Yogita Shamdasani
Yogita Shamdasani grew up in Singapore and obtained a BA from Cornell University in 2011 and a PhD in economics from Columbia University in 2017. Prior to joining the NUS Economics Department in 2020, she was an assistant professor at the University of Pittsburgh. In this article, Yogita tells us about her research in development economics. More information on Yogita’s research can be found on her personal website. |
My undergraduate education at Cornell University began with the pursuit of a degree in mathematics. As I progressed through the degree requirements however, I grew increasingly restless with the level of abstraction the subject matter entailed. I turned to economics for real-world applications of the mathematical concepts I had been learning about. After completing the usual sequence of pre-requisites, I took my first advanced economics course in behavioral economics. In this course, we were challenged to question some of the standard assumptions we typically make in economics – for example, the assumptions that people care only about themselves, and that people treat gains and losses symmetrically. I was hooked. This soon led me down the path of pursuing a doctoral degree in economics at Columbia University.
As a young graduate student at Columbia, I began doing research under the guidance of Professors Emily Breza and Supreet Kaur. Our first project together brought me to rural Odisha, India, where I spent several months doing field research and setting up infrastructure to run a large-scale randomized control trial (RCT). In this RCT, we were interested in understanding the following research questions: Do workers care not only about their own pay, but also about their pay relative to that of their co-workers? How do workers conceptualize fairness?

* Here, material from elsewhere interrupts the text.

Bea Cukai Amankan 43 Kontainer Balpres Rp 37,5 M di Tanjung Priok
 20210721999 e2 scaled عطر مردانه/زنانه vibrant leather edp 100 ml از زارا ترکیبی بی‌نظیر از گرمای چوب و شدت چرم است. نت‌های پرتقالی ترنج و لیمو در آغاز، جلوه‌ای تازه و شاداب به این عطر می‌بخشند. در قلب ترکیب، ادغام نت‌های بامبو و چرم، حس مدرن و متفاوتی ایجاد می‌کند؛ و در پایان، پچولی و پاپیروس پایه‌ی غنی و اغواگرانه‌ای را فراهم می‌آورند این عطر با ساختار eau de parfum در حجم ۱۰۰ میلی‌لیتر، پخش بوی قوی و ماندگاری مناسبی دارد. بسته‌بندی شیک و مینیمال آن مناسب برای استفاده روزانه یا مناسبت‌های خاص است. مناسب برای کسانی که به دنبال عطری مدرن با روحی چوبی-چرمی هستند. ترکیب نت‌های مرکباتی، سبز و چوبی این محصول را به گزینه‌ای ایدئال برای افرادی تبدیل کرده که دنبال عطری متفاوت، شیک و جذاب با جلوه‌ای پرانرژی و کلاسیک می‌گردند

Village meeting in Odisha, India, in 2014. This was part of the recruitment process for the RCT on pay inequality (carried out jointly with Emily Breza and Supreet Kaur) |
To answer these questions, we ran an experiment with close to 400 workers working full-time in month-long seasonal manufacturing jobs. Workers were randomized into units with different pay structures, which gave rise to the following scenario: equally productive workers were paid the same absolute wage, but differed in whether they were paid less than or the same amount as their peers. This allowed us to precisely estimate the causal impacts of relative pay comparisons on worker effort and labor supply. The results were striking: we found declines in output and attendance when a worker was paid less than their co-workers. These effects were economically meaningful – for a given absolute pay level, output declined by 22% on average when a worker was paid less than their co-workers. Interestingly, when pay differences were clearly justified to workers, we find that the negative effects of pay inequality fully dissipate!
Sunset in Chennai, India, where I spent several weeks in 2022 working on a new RCT on habit formation in labor supply |
The nature of field research resulted in me spending a substantial chunk of my research years as a graduate student in India. This allowed me to closely monitor data collection activities, but more importantly, it gave me the opportunity to make direct observations as well as to interact with stakeholders. This in turn gave rise to several ideas that have since shaped my research agenda. For example, when visiting villages across rural districts in Odisha, there were instances where I had to walk or ride a bike for several kilometers to reach a particular village because road conditions were so poor that it was completely inaccessible to cars. It became salient to me how much variation there was across space in terms of access to transport infrastructure, and subsequently, access to markets. I wanted to study this more systematically, so I started looking into infrastructure policies in India. This eventually gave rise to the first chapter of my dissertation, where I studied the causal impacts of infrastructure under a large-scale federal road-building program across rural India on production decisions in agriculture. I found that improvements in rural road connectivity led to increased crop diversification and usage of labor-intensive agricultural technologies in remote villages. These effects were possibly driven by increased mobility of workers across connected villages.
Morning activity in Chennai, India, adjacent to one of the labor stands where we conducted the RCT. A labor stand is a spot where workers who are interested in finding work for the day gather every morning, waiting for potential employers to show up and offer them jobs. Labor stands are a common institution in India and other developing countries |
In addition to my ongoing field research agenda on Indian labor markets, I have recently started pursuing a new strand of research on the impacts of slow-onset climate change in developing economies. Developing economies are likely to be disproportionally impacted by rising temperatures under climate change given their heavy reliance on agriculture. With several coauthors, I study the impact of climate change on worker mobility in India. Using data spanning six decades, we find that rising temperatures impede structural transformation – higher temperatures are associated with higher shares of workers in agriculture and lower shares of workers in non-agriculture. These effects intensify over a longer time frame, suggesting that not only do individuals fail to adapt to higher temperatures, they also experience intensification effects of warming over time.
Yogita Shamdasani
May 2024
References
The Morale Effects of Pay Inequality, (with Emily Breza and Supreet Kaur), Quarterly Journal of Economics, 2018, 133(2): 611-663.
Rural Road Infrastructure and Agricultural Production: Evidence from India, Journal of Development Economics, 2021, 152: 102686.
Climate Change and Labor Reallocation: Evidence from Six Decades of the Indian Census, (with Maggie Liu and Vis Taraz), American Economic Journal: Economic Policy, 2023, 15(2): 395-423.